For the hon. member to argue that these votes be struck down on the basis that the government has provided specific details on its future strategies is to argue that the government should retreat under a veil of secrecy. That is precisely what we are trying to avoid as part of the improved reporting to Parliament project, a project that, I underline again, has received the hon. member's support, for which I both commend and thank him.
What a wonderful opportunity these documents provide. Parliament now has a three year planning horizon to help them understand the context within which new legislative proposals will operate. I would go so far as to suggest that this level of future planning information and disclosure is probably unique among our fellow OECD countries.
The situation is similar for the three items where the hon. member claims that we are legislating through supply legislation. Again, this is simply not the case.
Vote 35 for the Canadian International Trade Tribunal is simply for program expenditures. That is the wording of the vote. There is nothing in these words that could possibly be construed as extending its mandate as the hon. member suggests. The vote is neither providing nor is it seeking new or additional authority. It is merely seeking supply.
As the hon. member notes, the Canada Communications Group item is statutory. By definition, the amount shown is authorized by legislation previously approved by Parliament and by that same definition it is shown in the estimates or information as it does not form part of the appropriation bill that Parliament will be asked to approve. It is statutory.
The final item with which the hon. member takes issue is the Canada Information Office. The fact of the matter is that the order in council in question is presumed valid until repealed or set aside by a court. Given this fact, the “program expenditures” referred to in the vote can be nothing but entirely consistent with that order.
The hon. member's arguments simply challenge the basis for the order in council and have nothing to do with either the supply process or any impropriety in the estimates themselves.
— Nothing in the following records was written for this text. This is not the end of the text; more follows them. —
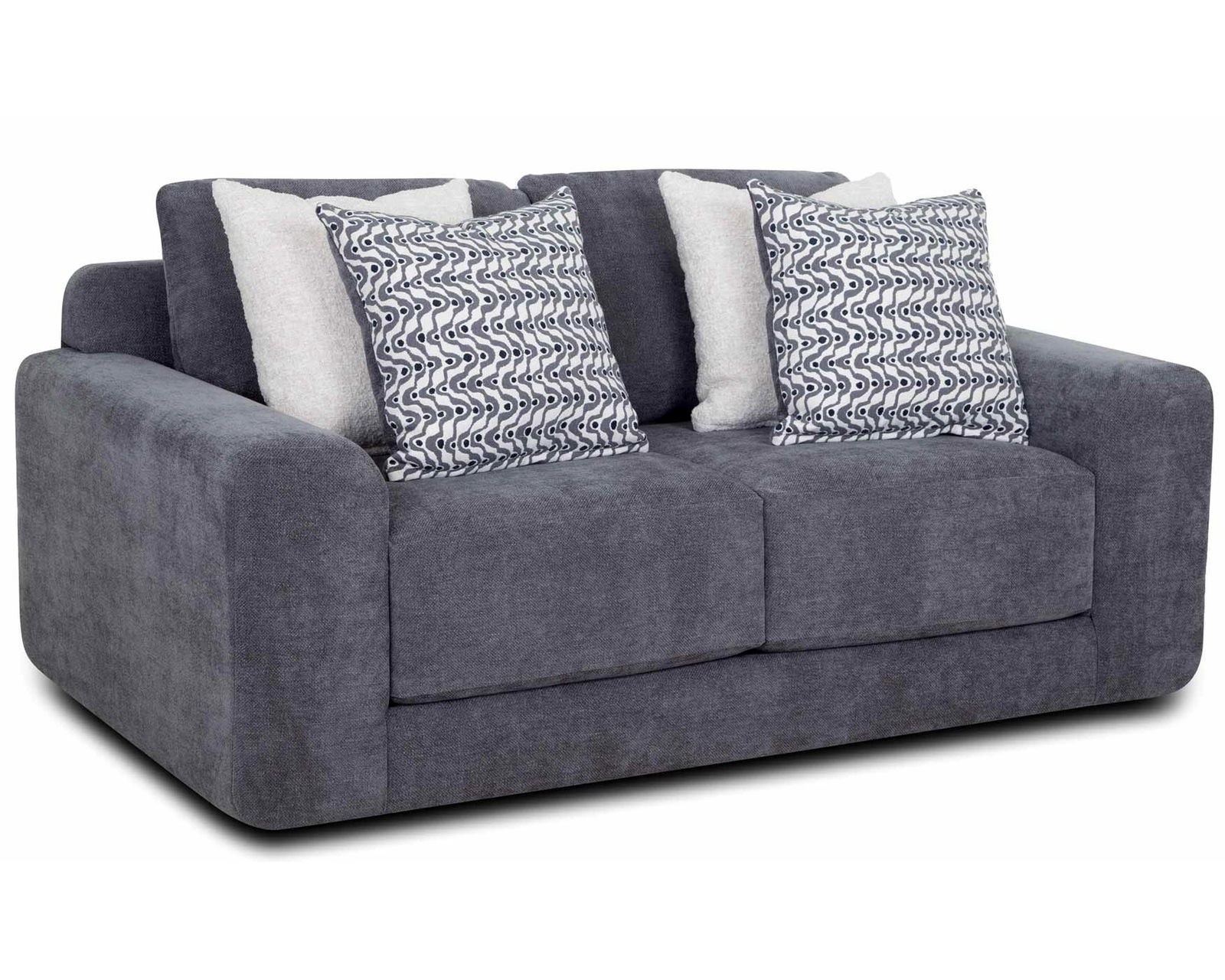 Campbell 101" Sofa (Extra-Wide Comfort with Timeless Style) - High-End Style. Down-to-Earth Prices.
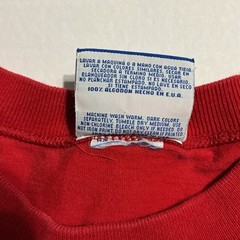 Vintage Pro Player NFL KC Chiefs Men’s Crew Neck Short Sleeve T-Shirt XL USA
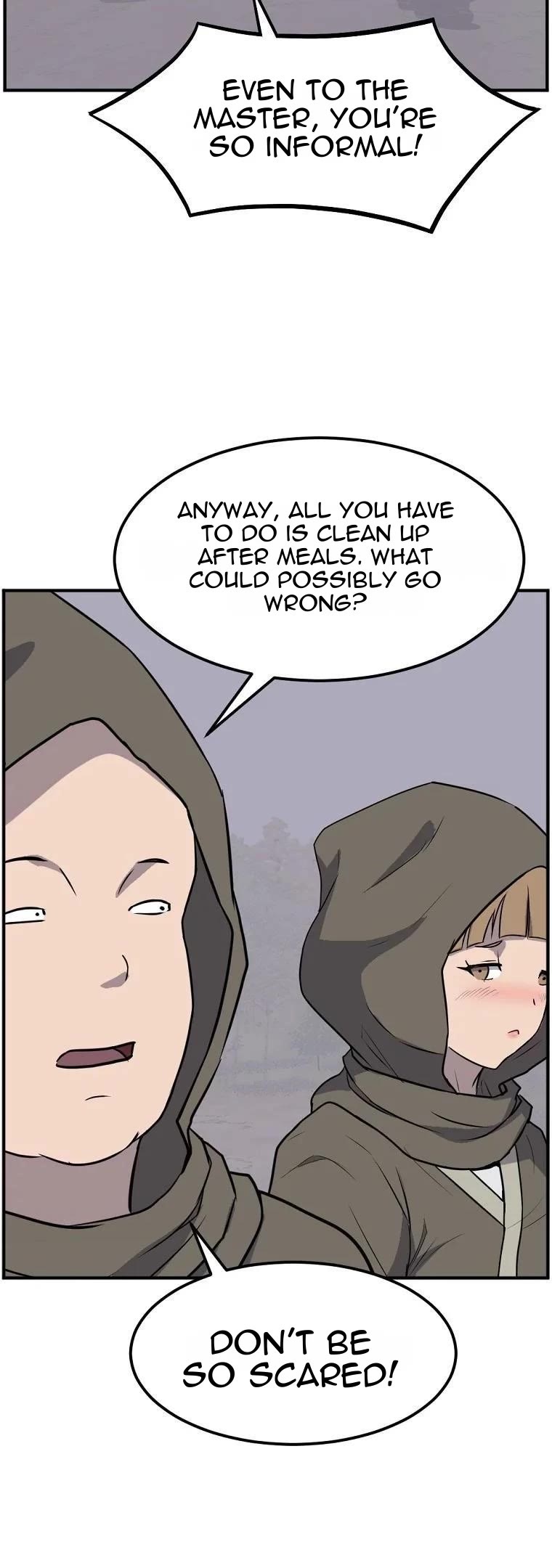 Immortal, Invincible Chapter 190 page 8 - Chapter 190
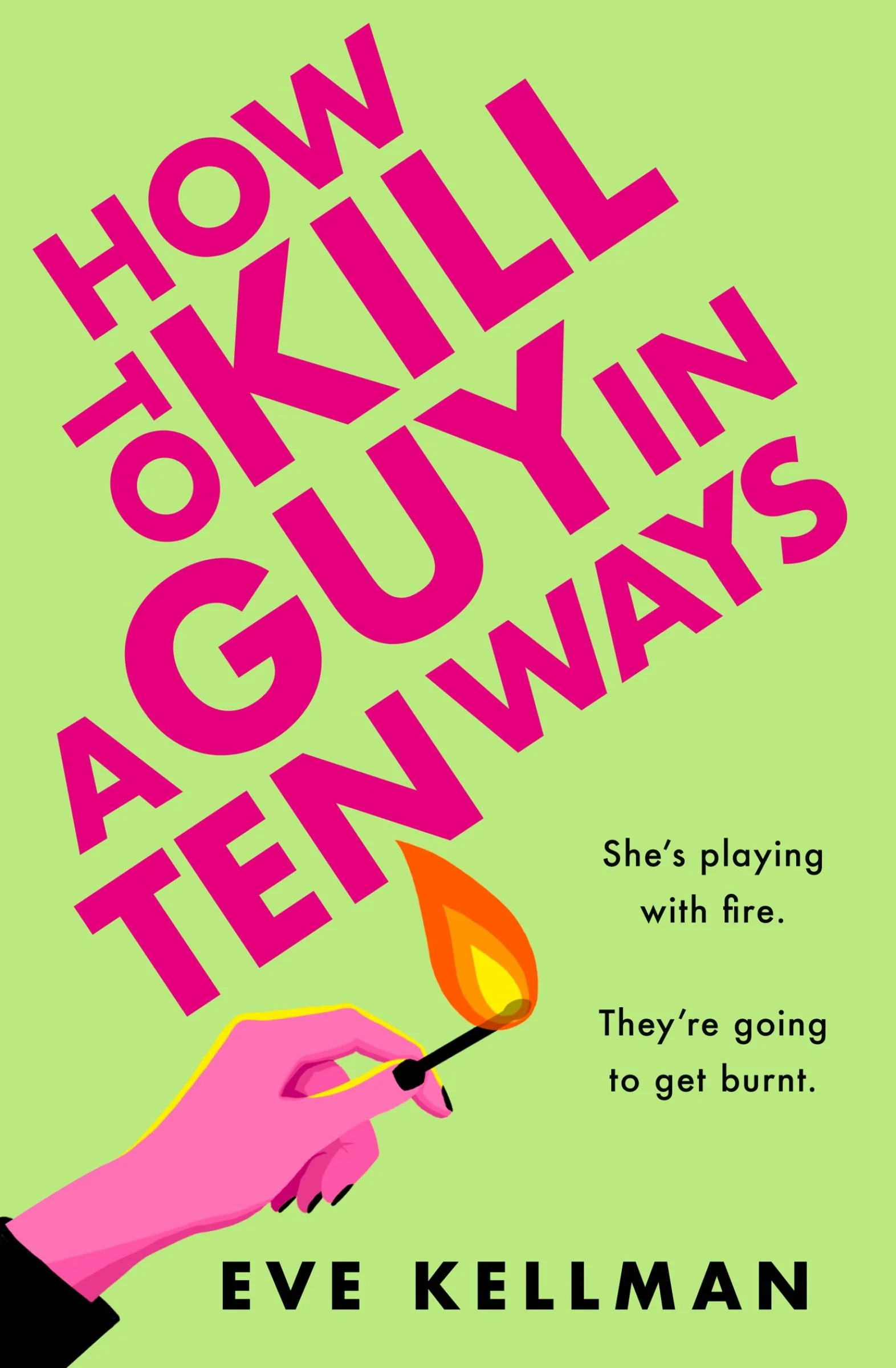 How to Kill a Guy in Ten Ways - Image 4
The order in council can be challenged, but once again it is valid as long as it has not been set aside, repealed or declared invalid by the government or by the court.
Part II of the estimates that I tabled earlier this year contained two assurances. I will repeat both here again.
Individual expenditure proposals included in votes seek authority during the 1997-98 fiscal year to make expenditures necessary to deliver various mandates which are under the administration of a Minister and are contained in legislation approved by Parliament.
In light of the House of Commons Speaker's ruling in 1981, the government has made a commitment that the only legislation that will be amended through the estimates process, other than cases specifically authorized by statute, will be previous appropriation acts.
I think that in the estimates what we have done is have submitted for the vote of the House expenditures which correspond exactly to the wording of each vote.
The explanations given in part III, which once again are for three future years, explained the plans of the government in case new legislation or new policies are adopted. In every one of the cases mentioned by the hon. member for St. Albert, the expenditures that are sought in supply are expenditures under the authority expressed properly by the wording of the votes.